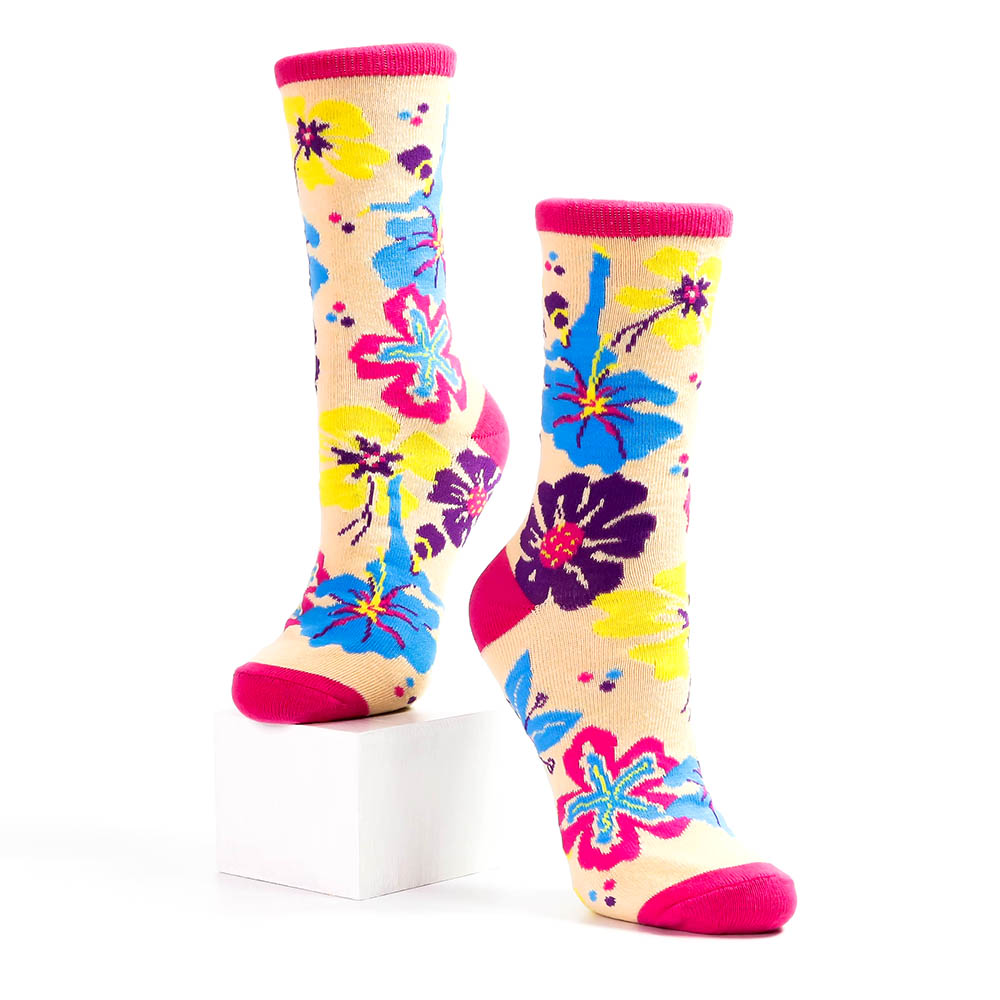 Multicolor Flower Sock with dancers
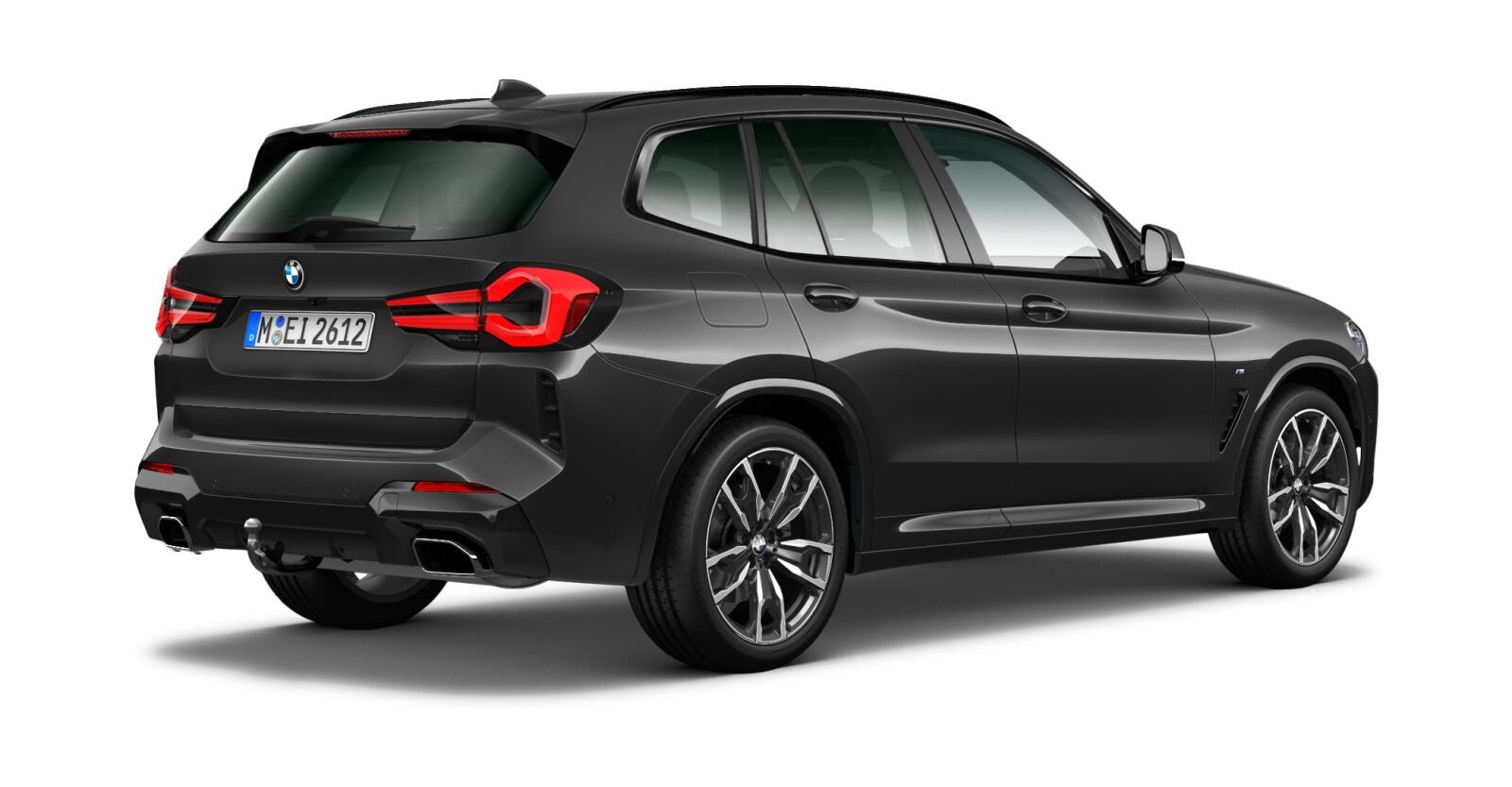 BMW BMW X in Grau von hinten BMW BMW X in Grau von hinten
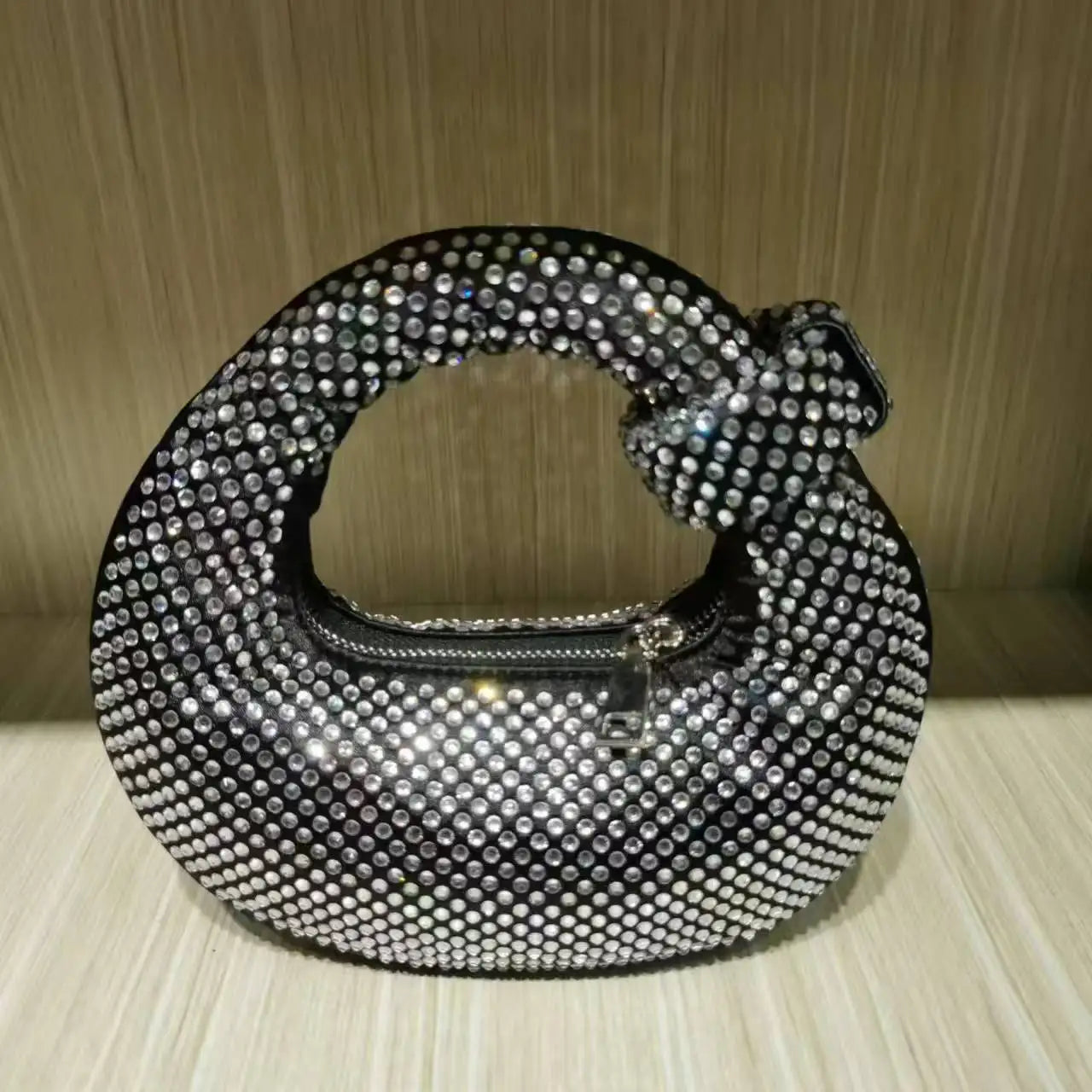 Twisted Crystal Top Bag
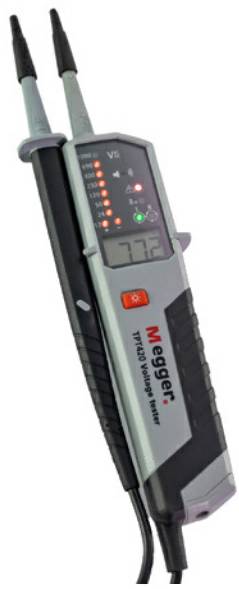 Megger TPT420 Kétpólusú feszültségvizsgáló CAT IV 1000 V LED, LCD, Akusztikus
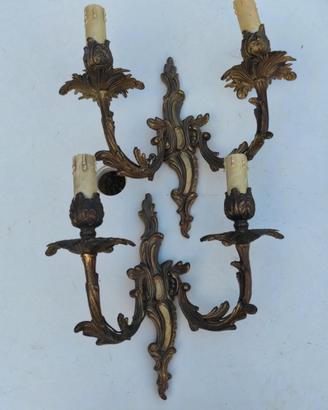 coppia applique antichi 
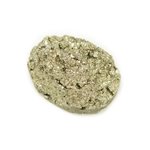 N23 - Cabochon de Pierre - Pyrite dorée brut 23x17mm - 8741140018532 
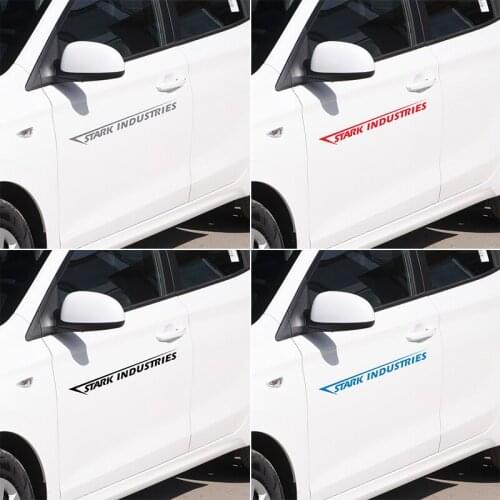 2pcs Car Sticker 10*70cm Stark Industries Car Body Stripes Stickers Vinyl Decal for Jaguar XE XF XJ F-Type F-Pace Car Stying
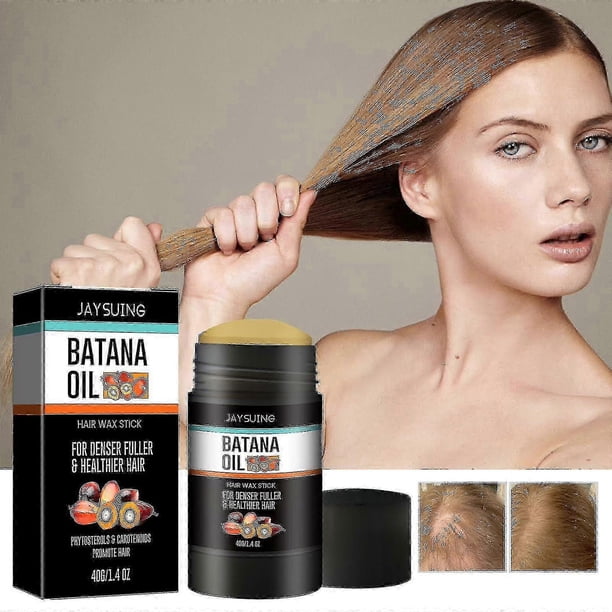 Jaysuing Batana hair wax stick styling, long-lasting styling for broken hair, fluffy and natural luster hair wax stick |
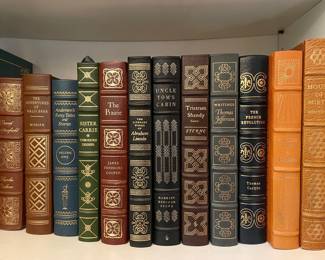 Easton Press and Franklin Library Leather-Bound Collector's Edition Books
________________________________________
= Task =
Find the line with "Jaysuing Batana hair" in the listing and extract it and all lines after it through the end, exactly, without the pictures.

= Written response =
 Jaysuing Batana hair wax stick styling, long-lasting styling for broken hair, fluffy and natural luster hair wax stick |
 Easton Press and Franklin Library Leather-Bound Collector's Edition Books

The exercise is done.